Cyber gene network could speed up discoveries

Seth Truscott, College of Agricultural, Human & Natural Resource Sciences

PULLMAN, Wash. – A Washington State University team has set out to digitally model how every known gene interacts with every other gene – in plants, animals, insects and people.

These gene expression networks could promote development of biomarkers that breeders use to grow new crops through traditional methods. The work could aid scientists in finding new genes that influence plant and animal health.

Stephen Ficklin, a computational biologist in the WSU Department of Horticulture, and colleagues will build the networks with $895,000 from the National Science Foundation. Their project will help test the Scientific Data Analysis at Scale project, or SciDAS, a $2.9 million NSF-funded effort to improve the United States’ cyber infrastructure and help scientists make better use of it.

“Improving our cyber infrastructure helps make the U.S. more competitive in research,” Ficklin said. “It keeps us in the forefront of data science.”

The WSU team will collaborate with Clemson University and RENCI, the Renaissance Computing Institute, which is a collaboration between the University of North Carolina-Chapel Hill, North Carolina State University and Duke University.

Helping breeders screen seedlings quickly

The researchers will take data from the National Center for Biotechnology Information, a public repository of genomic information, for as many species as possible and create networks that show how each gene interacts with every other one.

“In the end, we will create the most complete repository of gene coexpression networks that exists anywhere,” Ficklin said.

By following network connections, he said, scientists could discover genes that benefit agriculture, medicine, animal science and other fields.

“As a WSU researcher, I hope to help plant breeders,” he said. “I want to build networks like these as tools for breeders to find traits they’re interested in. They could use biomarkers to screen their seedlings in weeks instead of months or years.”
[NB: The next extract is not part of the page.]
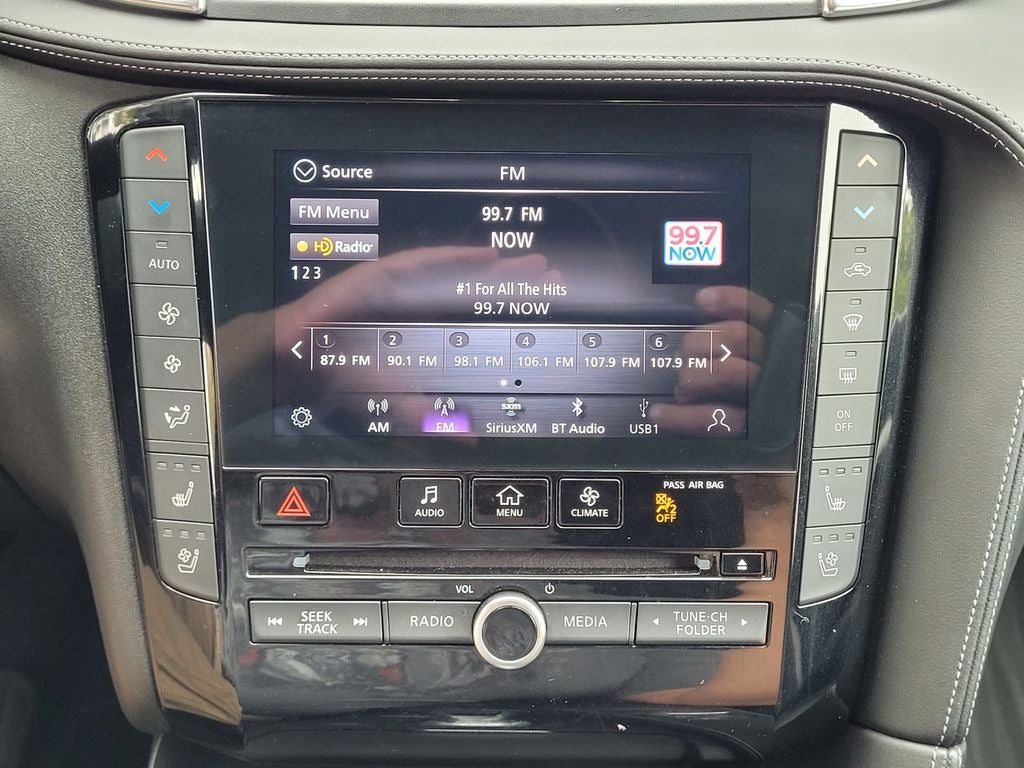 2022 INFINITI QX50 ESSENTIAL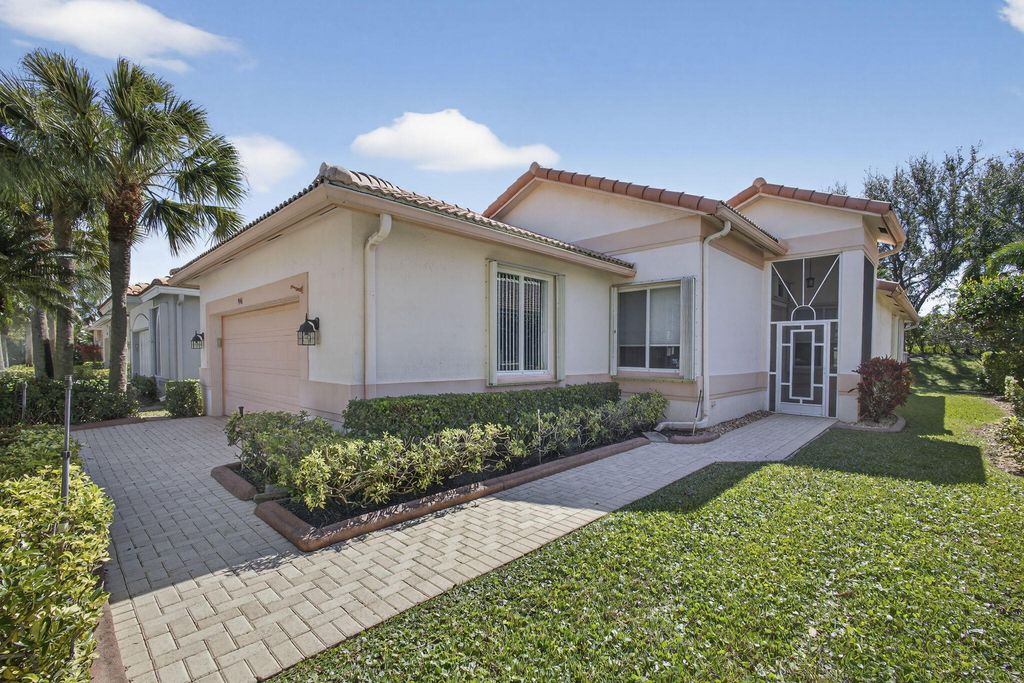 Photo of 9146 Bay Point Circle, West Palm Beach, FL 33411 (MLS # R11160772)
“Plant breeders can look for genes known to be associated with good or bad traits and use them to make traditional crosses,” he added.
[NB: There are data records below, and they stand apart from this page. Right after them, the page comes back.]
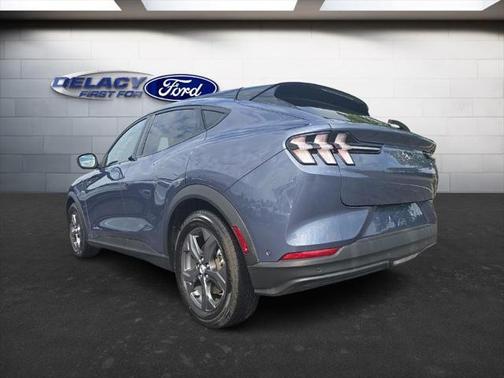 2021 Ford Mustang Mach-E Select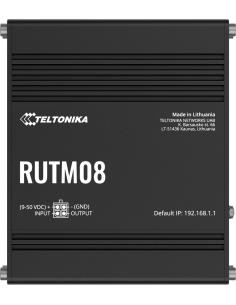 Teltonika RUTM08 router przemysłowy (RUTM08000000)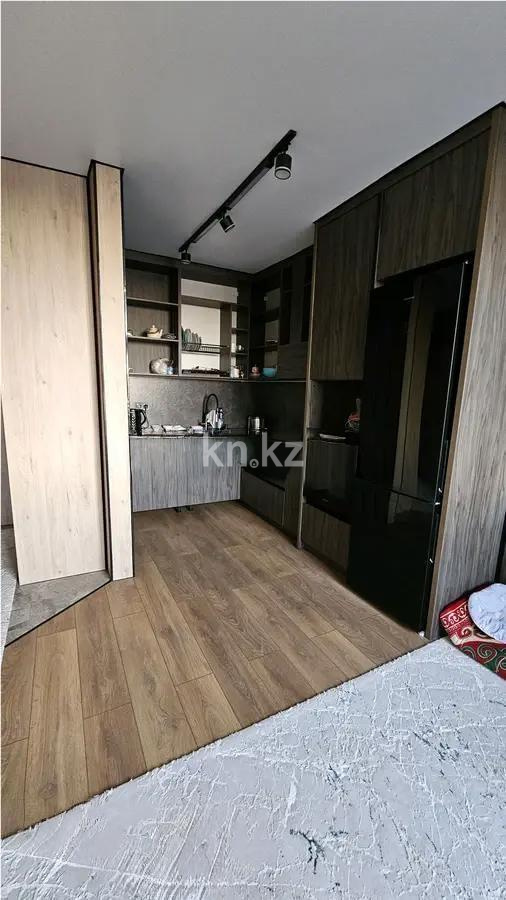 Продажа 1-комнатной квартиры, 33 м², ул. Жамбыла, дом  10 - Продажа  однокомнатных квартир в новостройках Астаны с фото фото 2 из 4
Expanding cyber infrastructure

With tens of thousands of genes in every organism, the computer power required to create these gene-expression networks is vast – well beyond the capability of a single supercomputer. A single test case by Ficklin and collaborators required 1,200 processors and four weeks – divided among 70,000 computation jobs.

SciDAS gives researchers an easier way to spread their computational needs across existing large-scale resources, such as the Open Science Grid or Cloud Lab, growing or shrinking their demands as needed.

The final network will be kept, as part of SciDAS, on three petabytes (3 million gigabytes) of storage at WSU, RENCI and Clemson University.